The Fear of Invasion  Strategy, Politics, and British War Planning, 1880-1914  By David G. Morgan-Owen

Oxford University Press, £65.00, vi + 250pp,

hb, index, notes and refs.

ISBN: 978–019–880–519–9

[2022 Prices: £74 Hardback, £25 Paperback, £22 Kindle]

[This review first appeared in Stand To! November 2018 Ed. 113 'The Armistice Remembered. Stand To! is the journal of The Western Front Association and is now published four times a year]. 

Occasionally a book comes along that offers important new insights into a supposedly familiar subject. David G Morgan–Owen’s masterly The Fear of Invasion is such a work.

His subject is British strategy and war planning before the Great War. As he rightly argues, previous historians have been too ready to portray the Army and Royal Navy before 1914 as locked in a struggle for the soul of British strategy, championing ‘Continental’ and ‘Blue Water’ approaches respectively.
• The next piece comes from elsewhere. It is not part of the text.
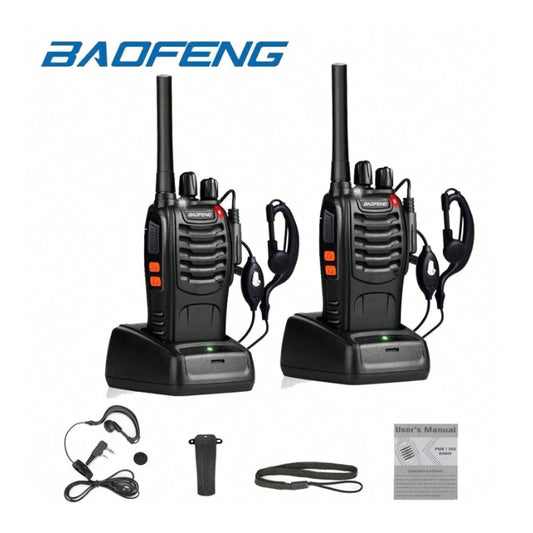 2pcs Baofeng BF-88E portable wireless Handheld walkie16CH UHF 446.00625-446.19375MHz 12.5KHz Channel Separation with USB Charger by PDG ibma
In reality, the situation was much more nuanced, not to say confused. The two services were indeed frequently at odds, and the Committee of Imperial Defence – which was meant to coordinate efforts – was not particularly successful in this endeavour. The author argues that the Admiralty partially ‘filled this void’, stressing defensive over offensive operations after 1910 and thus ‘creating a degree of coherence within British strategy as a whole’, by moving towards the Army’s position somewhat. As we shall see, this stance was not without consequences.

Neither the Admiralty nor the War Office escapes criticism. Morgan–Owen argues that the General Staff’s concentration on sending an army to the continent to fight alongside France effectively ruled out serious planning for the use of the BEF in an amphibious role. In August 1914, this contributed to the failure to send Sir John French’s small army to the Belgian coast to attack the flank of the advancing Germans. I must say that my study of the subject has led me to believe that this was the right decision, but Morgan–Owen makes a powerful case that the alternative – what today would be called ‘joint operations’ – was never properly considered. Turning to the Admiralty, Morgan–Owen condemns ‘Jacky’ Fisher, the First Sea Lord, as being ‘irresponsible and short sighted’ for knowing that the RN would find it increasingly difficult to protect the British coast against German raids (a full–scale invasion was never on the cards), but deliberately downplaying this to his political masters.

The ultimate responsibility for the poor state of British war planning rests with the government. Balfour’s Conservative ministry emerges with some credit, although also with some brickbats. Asquith’s Liberal government comes in for severe criticism, for failing to coordinate the two service ministries, and allowing the default position of strategy to be the protection of the UK against German invasion. This led to poverty of thinking about Britain’s strategic options in 1914. Reflecting the title of the book, in 1914 the Royal Navy, the world’s greatest war fleet, was used to defend Britain rather than being used offensively. Morgan–Owen questions whether the trade–off, the small BEF being deployed to France, was worth it.

The Fear of Invasion is a challenging book, which has, at its heart, the question of whether the eventually huge British commitment to the Western Front was inevitable, or if in 1914, there was a viable alternative. As David Morgan–Owen rightly says, whether an amphibious strategy in which the BEF was used as projectile fired by the RN at the flank of the German advance would have been better is unknowable: personally, I suspect not.

The achievement of this impressive book is to show how pre–war failures of planning by the army, navy and government ensured that this was a road not taken. Instead, Britain set out on the road that led through Mons to a mass army and Continental–scale land battles.